Но вот через неделю или около того, когда нам раздавали ужин, ко мне вдруг входит комендант крепости и, к моему удивлению, без сопровождавших его «архангелов», как мы называли жандармских унтер-офицеров, становившихся по правую и левую сторону от нас с готовностью схватить за обе наши руки при первом резком движении. Комендант притворил даже за собою дверь и сказал мне приблизительно так:
— Я только что возвратился из Петербурга. Вы хорошо сделали, что написали свое заявление. Я и доктор горячо поддержали вас, чего не могли бы сделать иначе, и потому следователь, уже собиравшийся послать за унтер-офицерами для выслушания их свидетельских показаний, поехал обратно, не допросив никого. Он передал ваше заявление товарищу министра, и тот постановил считать случившееся здесь несуществовавшим.
— Значит, — спросил я его, еще не веря своим ушам, — мою соседку не будут судить?
— Не только не будут, но даже и в карцер не посадят.
— Вы скажете ей это?
— Я не могу ей ничего сказать, раз самый факт признан несуществовавшим, — ответил он. — Но вы можете.
Он поклонился и вышел, а я остался в таком состоянии, какого нельзя передать никакими человеческими словами. Радость за Веру сменялась полным недоумением: как мне теперь быть? Ведь рассказать, что я ее поступок самовольно выставил перед департаментом не как сознательное решение пожертвовать своей жизнью для облегчения нашей судьбы, а как результат расстроенных предшествовавшими бурными сценами нервов, значило ее обидеть.
Нет, ей ни в каком случае нельзя говорить о том, что я писал, а потому и о приходе ко мне коменданта. Нельзя ли предупредить ее каким-нибудь другим способом?
Всю эту ночь я тоже почти совсем не спал, а на другой день вдруг приходит ко мне доктор. Он повторил мне почти то же, что сказал комендант, и прибавил:
— Мне специально поручено наблюдать за ее здоровьем и делать ежемесячно специальные доклады о ней для товарища министра. Как вы думаете, она ничего не сделает со мной, если я к ней зайду?
— Можете быть уверены, — ответил я и спросил его совета относительно того, как мне лучше сообщить Вере, что ей ничего не будет. — Ведь мне неловко сказать, что я объяснил ее поступок нервным настроением, тогда как она на деле желала пожертвовать своей жизнью для облегчения нашей участи.
— Самое лучшее, — ответил он, — не говорите ей ничего. Нервы здесь у многих расстроены, и самое лучшее для предотвращения эксцессов — это ожидание большой опасности. Я сам постепенно подготовлю ее к этому.

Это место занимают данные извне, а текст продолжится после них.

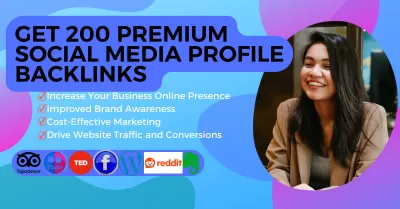 I Will Do Top 200 Premium Social Media Profile Backlinks For Online Ranking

Подумав немного, и я пришел к тому же мнению. «Пусть лучше будет все моей личной тайной», — решил я.
Я рассказал потом лишь двум или трем из самых близких мне товарищей, что подал заявление о тяжелом моральном состоянии нашей тюрьмы в то время, а о подробностях меня никто не спрашивал. Черновик заявления был на всякий случай в моих тетрадях.

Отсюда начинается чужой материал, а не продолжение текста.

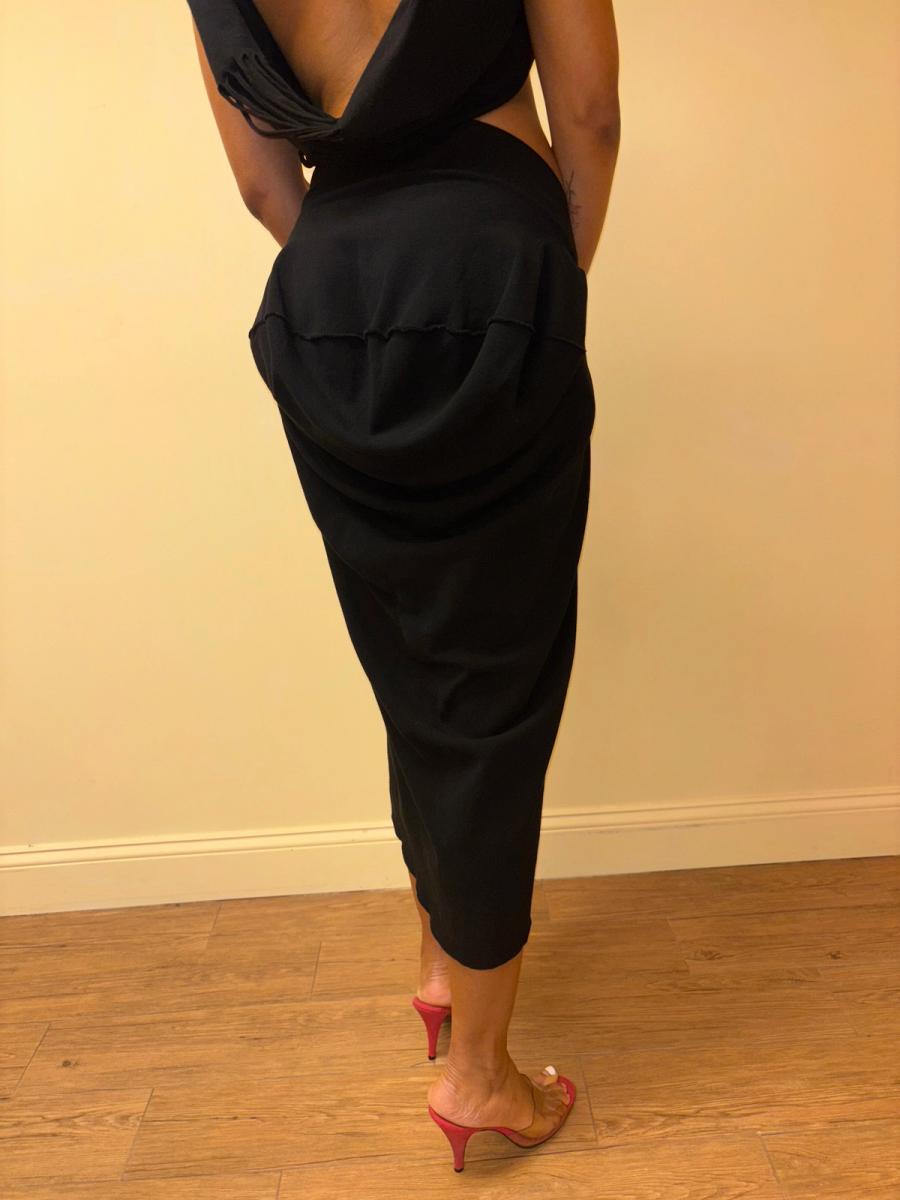 00s Issey Miyake APOC Bustle Black Skirt product image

Порой мне приходило в голову:
«Может быть, что я сделал, было совсем напрасно? Может быть, Веру не казнили бы и помимо моего вмешательства?»
«Но все это хорошо говорить, — отвечал я сам себе, — когда опасность уже миновала. А когда она была еще впереди, надо было действовать — и действовать не конвульсивно, а обдуманно и целесообразно, как сделал я. Другого способа не было»[1].